++++ Data for review

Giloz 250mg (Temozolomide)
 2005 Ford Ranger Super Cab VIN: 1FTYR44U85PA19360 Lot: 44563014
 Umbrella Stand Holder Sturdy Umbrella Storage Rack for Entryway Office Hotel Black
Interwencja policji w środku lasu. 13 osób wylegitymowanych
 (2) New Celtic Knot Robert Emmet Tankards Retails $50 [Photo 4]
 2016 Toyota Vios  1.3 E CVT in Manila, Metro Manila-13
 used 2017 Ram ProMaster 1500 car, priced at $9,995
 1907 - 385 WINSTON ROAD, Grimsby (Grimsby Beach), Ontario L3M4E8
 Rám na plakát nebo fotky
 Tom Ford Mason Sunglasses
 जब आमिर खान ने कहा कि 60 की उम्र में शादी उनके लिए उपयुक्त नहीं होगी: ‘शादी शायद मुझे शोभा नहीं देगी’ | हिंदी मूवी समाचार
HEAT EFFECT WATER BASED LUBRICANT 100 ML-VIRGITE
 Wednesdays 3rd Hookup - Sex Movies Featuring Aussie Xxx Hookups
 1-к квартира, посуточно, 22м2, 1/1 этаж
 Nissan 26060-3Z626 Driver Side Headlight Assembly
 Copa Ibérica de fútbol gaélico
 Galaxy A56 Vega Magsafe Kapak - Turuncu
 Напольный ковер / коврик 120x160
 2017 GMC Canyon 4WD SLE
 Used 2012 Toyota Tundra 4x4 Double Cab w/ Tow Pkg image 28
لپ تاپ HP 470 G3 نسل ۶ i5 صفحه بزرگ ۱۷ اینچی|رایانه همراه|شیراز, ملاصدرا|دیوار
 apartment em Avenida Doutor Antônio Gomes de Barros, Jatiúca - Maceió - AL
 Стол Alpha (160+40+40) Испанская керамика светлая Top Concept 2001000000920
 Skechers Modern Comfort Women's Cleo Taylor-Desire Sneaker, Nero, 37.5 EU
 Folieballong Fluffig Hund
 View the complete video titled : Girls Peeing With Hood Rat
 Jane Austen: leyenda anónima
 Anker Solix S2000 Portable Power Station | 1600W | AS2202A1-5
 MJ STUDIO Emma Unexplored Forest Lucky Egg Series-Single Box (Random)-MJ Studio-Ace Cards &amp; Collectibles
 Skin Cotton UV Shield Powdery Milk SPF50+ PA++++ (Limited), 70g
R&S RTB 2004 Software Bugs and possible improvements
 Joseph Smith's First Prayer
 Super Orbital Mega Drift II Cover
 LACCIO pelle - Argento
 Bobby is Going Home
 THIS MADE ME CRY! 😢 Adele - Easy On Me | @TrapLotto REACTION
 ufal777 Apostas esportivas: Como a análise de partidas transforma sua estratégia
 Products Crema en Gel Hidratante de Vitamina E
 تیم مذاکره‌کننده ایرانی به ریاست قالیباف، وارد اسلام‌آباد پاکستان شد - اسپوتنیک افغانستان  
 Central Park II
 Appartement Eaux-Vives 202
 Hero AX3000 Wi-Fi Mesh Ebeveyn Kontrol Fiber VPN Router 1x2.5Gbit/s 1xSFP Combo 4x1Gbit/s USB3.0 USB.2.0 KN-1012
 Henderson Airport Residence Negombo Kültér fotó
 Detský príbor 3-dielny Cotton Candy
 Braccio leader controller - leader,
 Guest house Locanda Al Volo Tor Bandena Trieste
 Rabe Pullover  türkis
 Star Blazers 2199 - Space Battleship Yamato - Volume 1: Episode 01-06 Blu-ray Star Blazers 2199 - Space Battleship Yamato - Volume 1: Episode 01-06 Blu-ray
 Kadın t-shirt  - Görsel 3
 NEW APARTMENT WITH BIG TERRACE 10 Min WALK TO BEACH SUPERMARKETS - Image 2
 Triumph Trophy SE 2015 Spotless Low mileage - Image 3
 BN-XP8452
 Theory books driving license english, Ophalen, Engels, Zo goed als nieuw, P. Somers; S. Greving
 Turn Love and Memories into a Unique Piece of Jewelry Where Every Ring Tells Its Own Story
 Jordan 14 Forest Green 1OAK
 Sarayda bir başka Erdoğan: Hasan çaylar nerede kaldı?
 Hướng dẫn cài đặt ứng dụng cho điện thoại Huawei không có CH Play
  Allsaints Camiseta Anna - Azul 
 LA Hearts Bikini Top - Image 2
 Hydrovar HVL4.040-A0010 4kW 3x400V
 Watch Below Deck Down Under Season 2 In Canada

++++++++

**Assignment**
Among the lines above, repeat exactly those from the line with "1-к квартира, посуточно, 22м2, 1/1 этаж" to the line with "Skin Cotton UV", counting both ends.

**Exercise answer**
 1-к квартира, посуточно, 22м2, 1/1 этаж
 Nissan 26060-3Z626 Driver Side Headlight Assembly
 Copa Ibérica de fútbol gaélico
 Galaxy A56 Vega Magsafe Kapak - Turuncu
 Напольный ковер / коврик 120x160
 2017 GMC Canyon 4WD SLE
 Used 2012 Toyota Tundra 4x4 Double Cab w/ Tow Pkg image 28
لپ تاپ HP 470 G3 نسل ۶ i5 صفحه بزرگ ۱۷ اینچی|رایانه همراه|شیراز, ملاصدرا|دیوار
 apartment em Avenida Doutor Antônio Gomes de Barros, Jatiúca - Maceió - AL
 Стол Alpha (160+40+40) Испанская керамика светлая Top Concept 2001000000920
 Skechers Modern Comfort Women's Cleo Taylor-Desire Sneaker, Nero, 37.5 EU
 Folieballong Fluffig Hund
 View the complete video titled : Girls Peeing With Hood Rat
 Jane Austen: leyenda anónima
 Anker Solix S2000 Portable Power Station | 1600W | AS2202A1-5
 MJ STUDIO Emma Unexplored Forest Lucky Egg Series-Single Box (Random)-MJ Studio-Ace Cards &amp; Collectibles
 Skin Cotton UV Shield Powdery Milk SPF50+ PA++++ (Limited), 70g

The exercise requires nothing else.